**RECORDED DATA:**
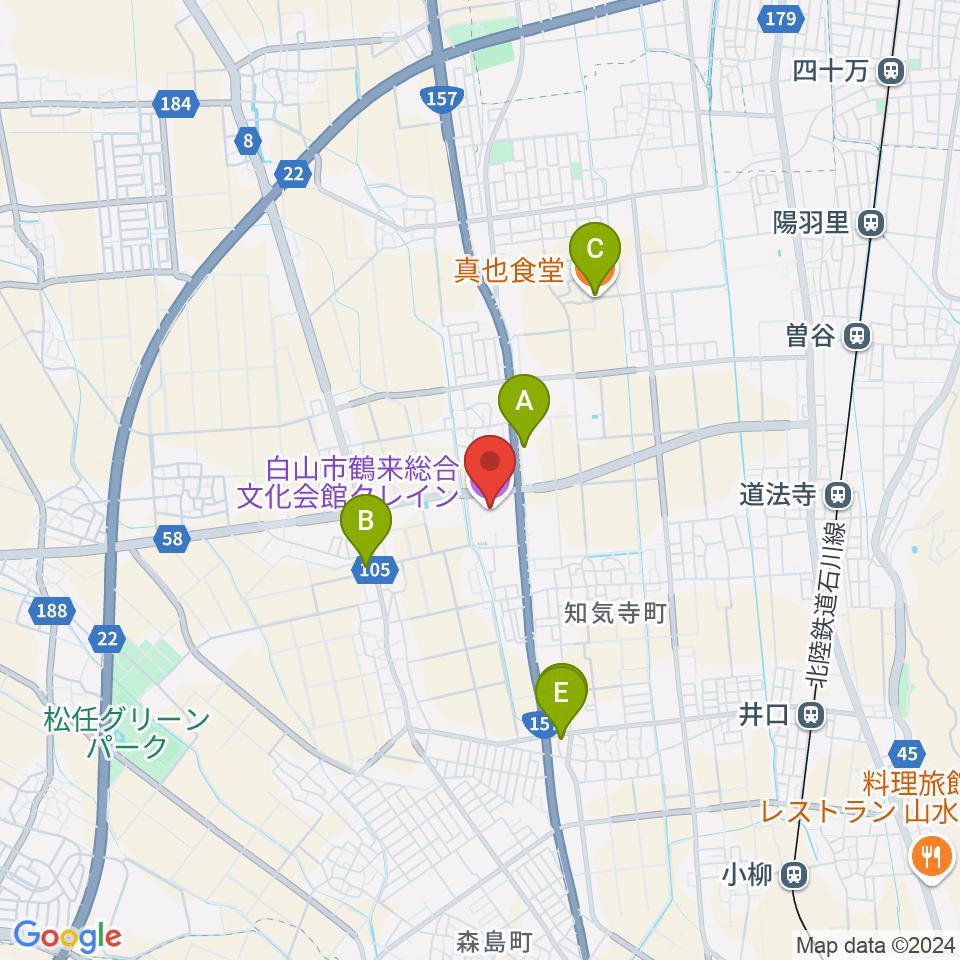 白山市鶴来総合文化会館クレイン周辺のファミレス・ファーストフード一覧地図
* * *
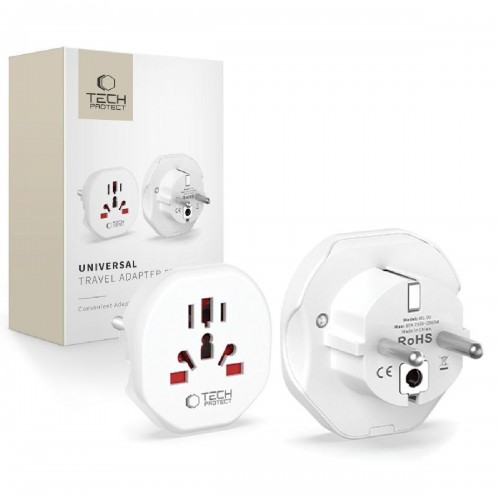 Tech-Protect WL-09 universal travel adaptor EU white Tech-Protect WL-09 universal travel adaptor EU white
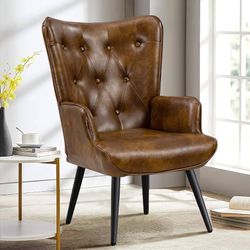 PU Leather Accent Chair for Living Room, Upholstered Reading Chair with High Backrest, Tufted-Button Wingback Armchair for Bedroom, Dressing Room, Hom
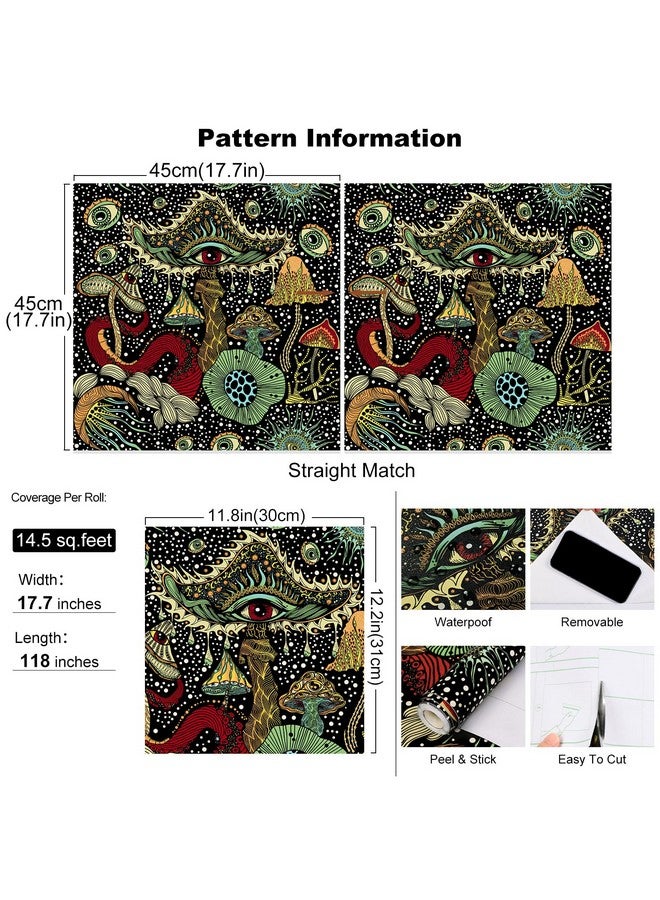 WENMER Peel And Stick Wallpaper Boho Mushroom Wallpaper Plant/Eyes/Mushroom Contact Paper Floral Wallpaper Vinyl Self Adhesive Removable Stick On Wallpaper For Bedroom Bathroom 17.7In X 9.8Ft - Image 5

**TASK:** Skipping the pictures, print the lines in the listing above exactly as written, starting at the line with "white Tech-Protect WL-09 universal travel adaptor EU white" and ending at the line with "PU Leather Accent", both included.

**EXERCISE ANSWER:**
 Tech-Protect WL-09 universal travel adaptor EU white Tech-Protect WL-09 universal travel adaptor EU white
 PU Leather Accent Chair for Living Room, Upholstered Reading Chair with High Backrest, Tufted-Button Wingback Armchair for Bedroom, Dressing Room, Hom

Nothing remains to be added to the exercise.